Los demás intercambiaron miradas.
—¿… Hermano?
Ross se encogió de hombros.
—Sí.
—Lo visita a veces.
Uno de los hombres frunció ligeramente el ceño.
—¿Estás seguro?
—Claro que estoy seguro.
—Pero…
El hombre se rascó la barbilla mientras veían a West acercarse a ella.
—No se parecen.
Ross puso los ojos en blanco.
—¿Y eso qué tiene que ver?
—Bueno…
Otro miembro añadió con cautela:
—Ella tiene el pelo rosa.
—Él lo tiene negro.
Ross frunció ligeramente el ceño.
—¿Y qué?
—Y parecen bastante… cariñosos…
La expresión de Ross se endureció.
—¿… Cariñosos?
Los hombres intercambiaron miradas.
—Quizá nos equivoquemos —dijo uno.
—Pero no parecía exactamente el saludo normal entre hermanos.

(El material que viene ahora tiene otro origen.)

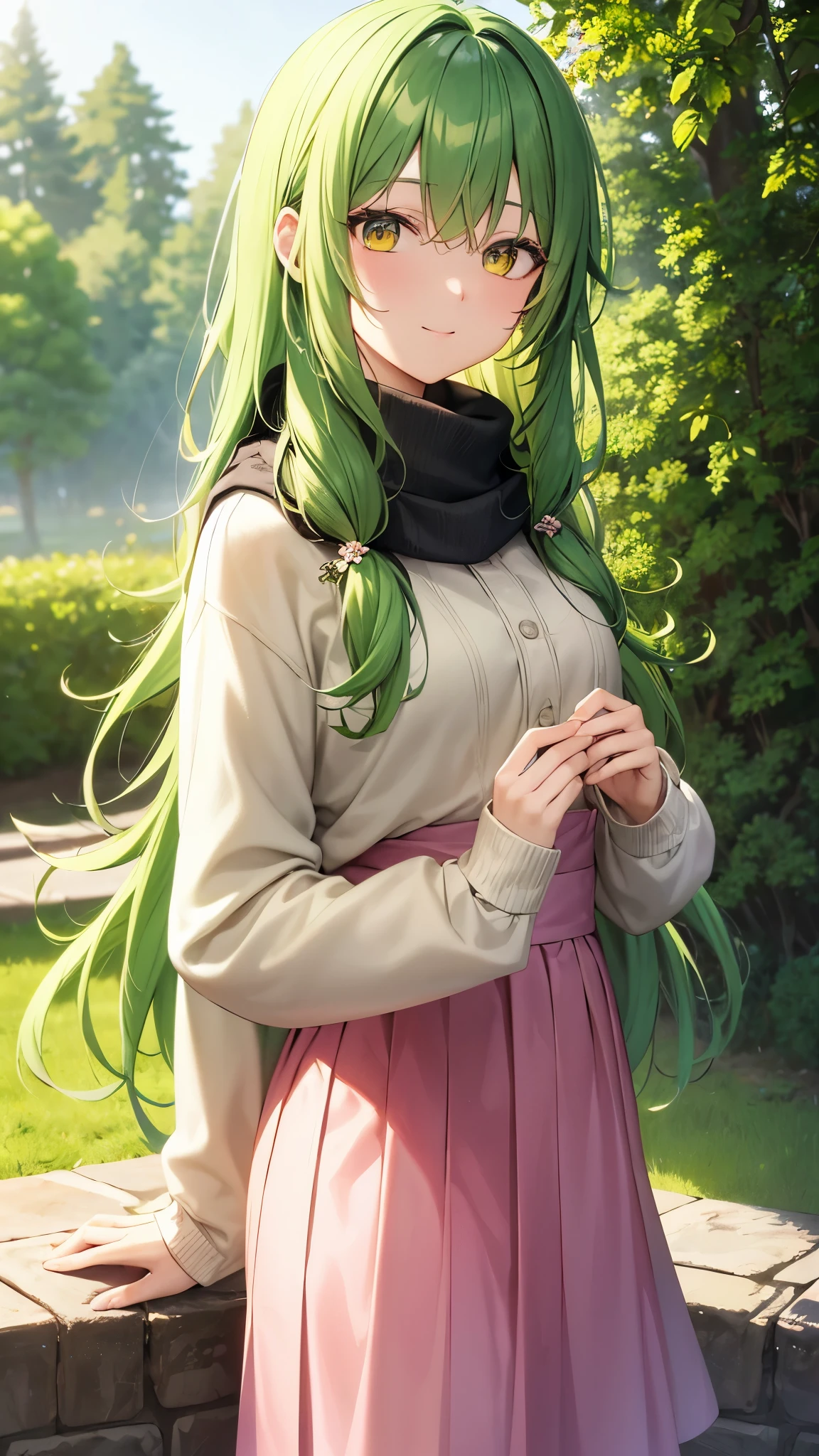 green hair, yellow eyes, black braid, hair parted to the right, hair clip, flower in hair, flower in hair, 
smile, calm, pastel sweater, denim jacket, pink skirt, garden, sunlight, scarf, hands behid back, 
ultra-detailed, absurdres, unreal engine, masterpiece, best quality, beautiful eyes, volumetric lighting, silky_hair), best quality, ultra-detailed, looking at viewer, highres, 8k wallpaper, extremely detailed, smooth lighting, 8k, depth of field, masterpiece, cinematic lighting,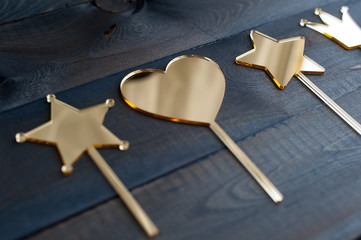 Set of gold acrylic topper for cupcakes and cakes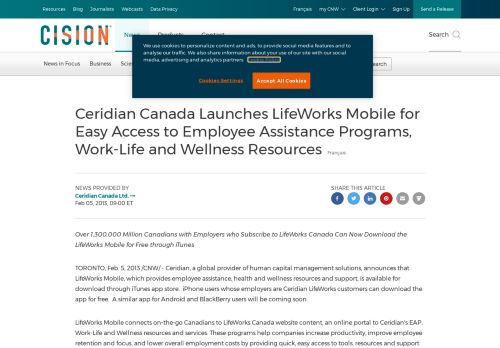 
                            9. Ceridian Canada Launches LifeWorks Mobile for Easy Access to ...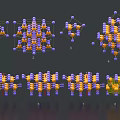 Assorted Molecular Structure Decorative Ornament Set With Purple And Yellow Geometric Models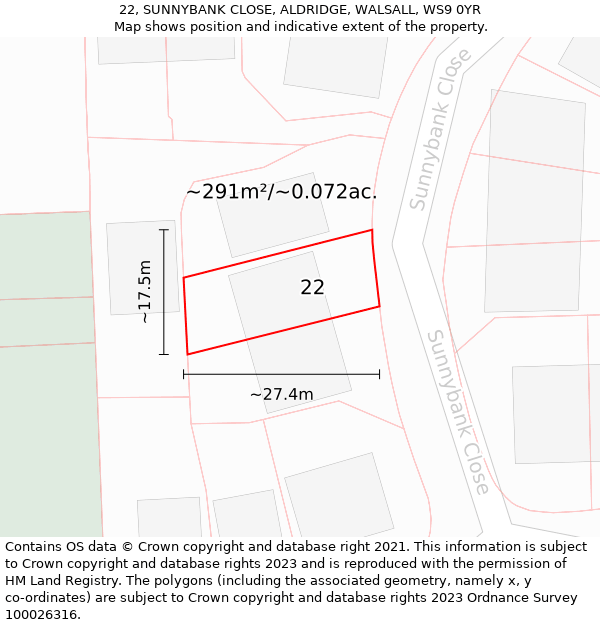 22, SUNNYBANK CLOSE, ALDRIDGE, WALSALL, WS9 0YR: Plot and title map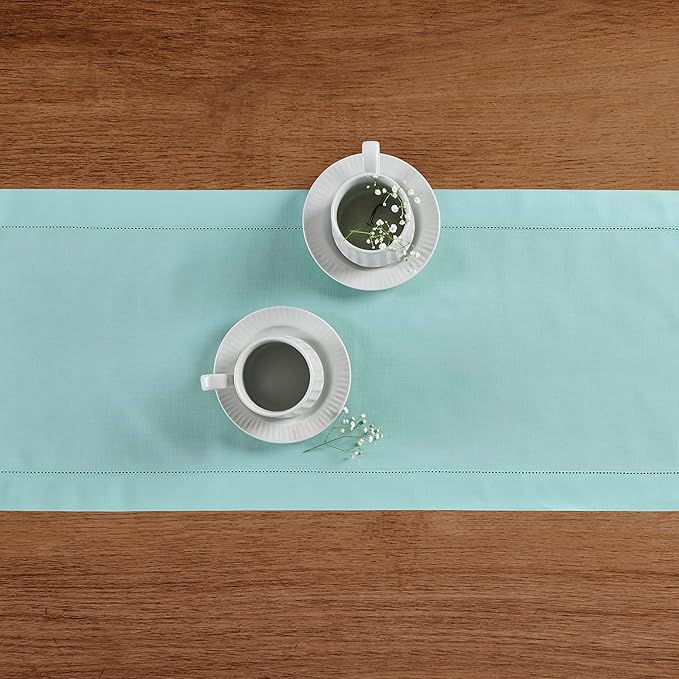 Solino Home Cotton Linen Pastel Turquoise Table Runner 72 Inches Long - Hemstitch Table Runner 14 x 72 Inch for Dresser, Dining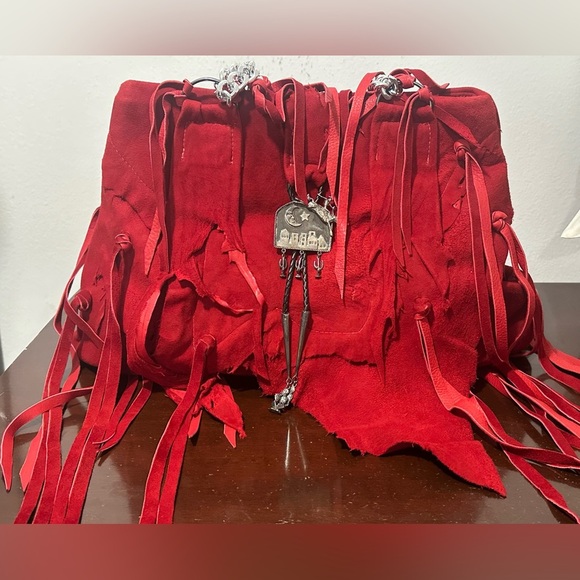 J Ewing Design Handbags - Julie Ewing Design red distressed leather purse cowboy medallion rodeo cowgirl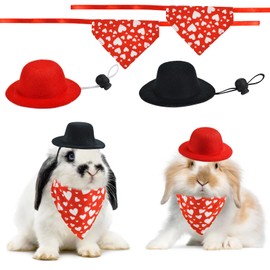 CooShou 4 Pcs Valentine's Day Hamster Hat Bandana Outfits Guinea Pig Hat Costume Small Animal Black Pink Hats Heart Bandanas Clothes Suitable for Rats Hamster Guinea Pig Lizard S
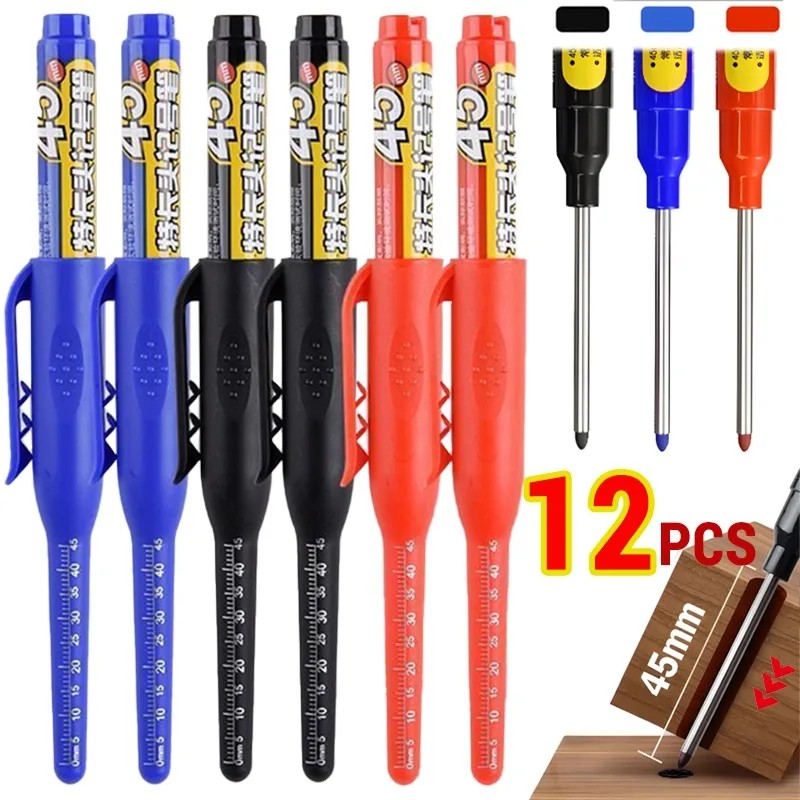 

1-12Pcs 45Mm Deep Hole Long Nib Head Markers For Metal Perforating Pen Waterproof Bathroom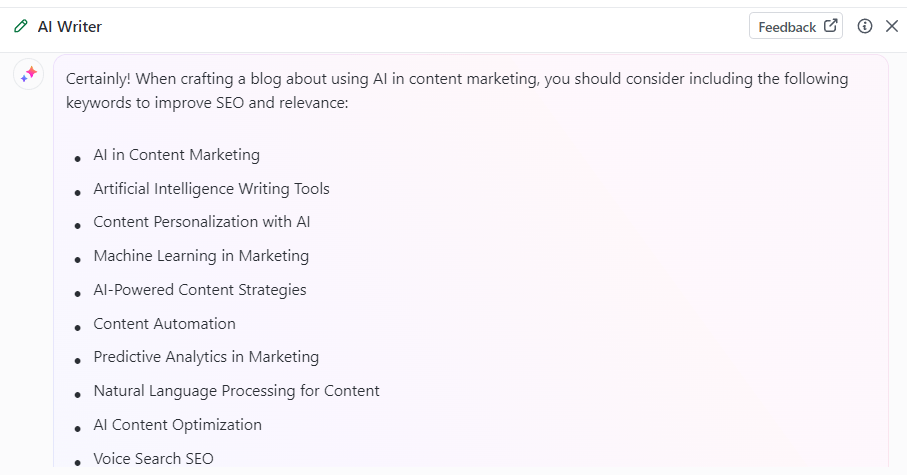 Try asking ClickUp's AI Writer for keyword ideas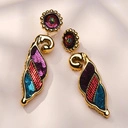 Złocone kolczyki z rozetą i muszlą z cekinami i koralikami. OCEAN NAMIĘTNOŚCI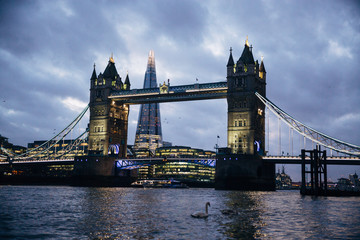 Evening blue hour view of Tower Bridge, famous, iconic tourist attraction, symbol of London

La confianza de Ross empezó a resquebrajarse lentamente mientras miraba fijamente hacia el edificio de apartamentos.
—¿… Tú crees?
Otro miembro de la banda se encogió de hombros.
—Solo digo.
—Quizá deberíamos comprobarlo.
Ross dudó antes de abrir la puerta del coche.
—Vamos.
Los cuatro hombres se acercaron sigilosamente a la entrada del edificio.
Subieron con cuidado las escaleras hacia el apartamento.
Al llegar, Ross se quedó un momento delante de la puerta mientras su corazón empezaba a latir un poco más deprisa.
Para alguien que había liderado con éxito equipos que habían despejado numerosas ruinas y se había enfrentado a la muerte innumerables veces…, temía lo que pudiera haber al otro lado de la puerta.